Bolşeviklerin İslam’a dönük yaklaşımlarını sertleştirmelerine ilişkin kimi işaretler, yirmilerin sonunda alınmaya başlandı. Bu, özellikle kültürel alanda aşikârdı. Yirmilerin ortalarında Sovyetler Birliği’ndeki Müslüman
Türklerin kullandığı Arapçanın kaldırılmasını amaçlayan hareket, özellikle İslamî kültürü ve gelenekleri hedef
alıyordu. Bu, 1926’da ilgili teklifi
reddeden Sovyet memuru A. K. Abolin tarafından da kabul edilen
bir husustu:
“Biz,
Bakû Türkoloji Kongresi’nde tespit edilen bu hedefi (Latin alfabesine geçiş hedefini) ne ilân etmeli ne de teşviki yönünde gayret sarf etmeliyiz. Dindar Müslümanlar, bu görüşe düşmanca yaklaşacaklardır. Biz, merkezî otoritenin Doğu haklarına yeni alfabeyi
zorla dayatmakla suçlanmasına izin vermemeliyiz.”[53]
1926’da Türkî halkların temsilcilerinin önemli
bölümünde Latin alfabesinin takdimine karşı ortak ve uzlaşmaz bir muhalefet zuhur etti. Destek, sadece Türkmenlerden, Azerbaycanlılardan ve Başkırlardan geldi.[54]
Ayrıca Latin alfabesine geçişi destekleyenler, kendilerinin İslamî kültürü zayıflattıklarını kabul ediyorlardı. Bunlar, Arap
alfabesinin okuryazar olma noktasında zor olduğundan “çocukların analitik kapasitelerini azalttığı” argümanı ile kendilerini savunuyorlardı.[55] Muhalefete rağmen Latin alfabesi,
1927’den itibaren uygulamaya konuldu. Görünüşe göre 1927 yılı, Sovyet Müslümanları için birçok hususta önemli bir
dönüm noktasıydı.
Militan Tanrısızlar Birliği’nin din karşıtı propagandanın güçlendirilmesini talep
ettiği 1926 yılında Zhenotdel (Komünist Parti’nin kadın kolu)
da komünistlerin kadınlara yönelik bir zulüm olarak gördükleri tesettürün Orta
Asya’da kaldırılmasına ilişkin bir kampanya önerisinde bulundu. “Hücum” adını alan bu kampanya 1927’de başladı. Özbekistan’ın başkenti Taşkent’teki parti liderleri, merkezden gelen bu talimattan
hayli rahatsız oldular ve dışarıda tesettürsüz gezme konusunda
kendi eşlerini bile ikna edemeyeceklerini söylediler.[56] Ama gene de kampanyayı yürütmek zorunda kaldılar.
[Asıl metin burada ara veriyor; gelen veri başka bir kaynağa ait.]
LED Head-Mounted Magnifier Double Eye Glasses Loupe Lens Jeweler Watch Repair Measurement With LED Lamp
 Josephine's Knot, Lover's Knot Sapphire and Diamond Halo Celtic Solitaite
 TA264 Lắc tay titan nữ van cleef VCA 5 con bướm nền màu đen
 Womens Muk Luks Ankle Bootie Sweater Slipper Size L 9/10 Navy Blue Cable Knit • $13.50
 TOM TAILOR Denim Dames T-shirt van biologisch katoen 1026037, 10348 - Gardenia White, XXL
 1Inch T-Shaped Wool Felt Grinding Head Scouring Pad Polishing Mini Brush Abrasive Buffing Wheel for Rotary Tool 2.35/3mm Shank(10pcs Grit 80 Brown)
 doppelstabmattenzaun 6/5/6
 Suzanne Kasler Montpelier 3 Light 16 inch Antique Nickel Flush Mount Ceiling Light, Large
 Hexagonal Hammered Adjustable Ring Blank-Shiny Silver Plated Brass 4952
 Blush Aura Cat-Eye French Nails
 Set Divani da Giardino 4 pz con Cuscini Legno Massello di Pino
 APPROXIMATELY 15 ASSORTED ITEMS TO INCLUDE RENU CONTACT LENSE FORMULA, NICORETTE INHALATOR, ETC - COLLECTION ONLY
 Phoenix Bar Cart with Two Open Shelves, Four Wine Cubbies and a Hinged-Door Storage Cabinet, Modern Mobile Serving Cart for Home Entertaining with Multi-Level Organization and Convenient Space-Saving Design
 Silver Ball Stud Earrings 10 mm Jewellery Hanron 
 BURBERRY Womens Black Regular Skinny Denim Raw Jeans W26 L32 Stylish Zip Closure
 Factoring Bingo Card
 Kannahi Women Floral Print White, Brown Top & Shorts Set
Tesettür, yereldeki halk tarafından dinî bir mecburiyet olarak görülüyor, cemaate
dönük sadakatin bir sembolü kabul ediliyordu. Dolayısıyla kadın partili
eylemcilerin talimatları uygulamaya dair gayretleri, Shoshana Keller’in
ifadesiyle, “kadınlara yönelik şiddet dalgasını tetikledi.”[57]
Tesettürün yürürlükten kaldırılmasına ilişkin kampanya, İslam’a dönük genel saldırının bir parçası olarak yürütüldü. Bu saldırı, Müslüman okulları, İslamî mahkemeler, camiler
ve evkaf gibi birçok dinî kurumun ezilmesini
ve devre dışı bırakmasını, ayrıca Müslüman parti görevlilerinin atılmasını
öngörüyordu.[58] Keller’in tahminine göre, 1927-39 arasında Özbekistan’da Müslüman
din adamlarının yaklaşık yüzde yetmişi tutuklandı, katledildi ya da
faaliyet dışı bırakıldı.[59] Birçok cami kapatıldı. Ancak burada esas olarak niyet edilen, müminlerin ibadet edecek yer bulamaması değildi. 8 Nisan 1929 tarihli Rusya Cumhuriyeti’ndeki dinî kurumlarla ilgili
yasa, dinî grupları yasaklamasa da onların hükümetin sıkı kontrolüne girmelerini sağlıyordu. 36. Madde, “kapatma işlemi, müminleri dinî ibadetlerini yerine
getirme imkânlarını ortadan kaldırmıyorsa” bir caminin kapatılmasını öngörüyordu. İslam karşıtı kampanya 1930’da başladı ve uzun süre devam etti.[60] Kampanya, süreç içerisinde yerini kolektivizasyon ve sanayileşmeye ilişkin görece daha acil önceliklere bıraktı. Dolayısıyla İslam “gözden ırak olduğu sürece” her yerde var olmayı sürdürdü.[61]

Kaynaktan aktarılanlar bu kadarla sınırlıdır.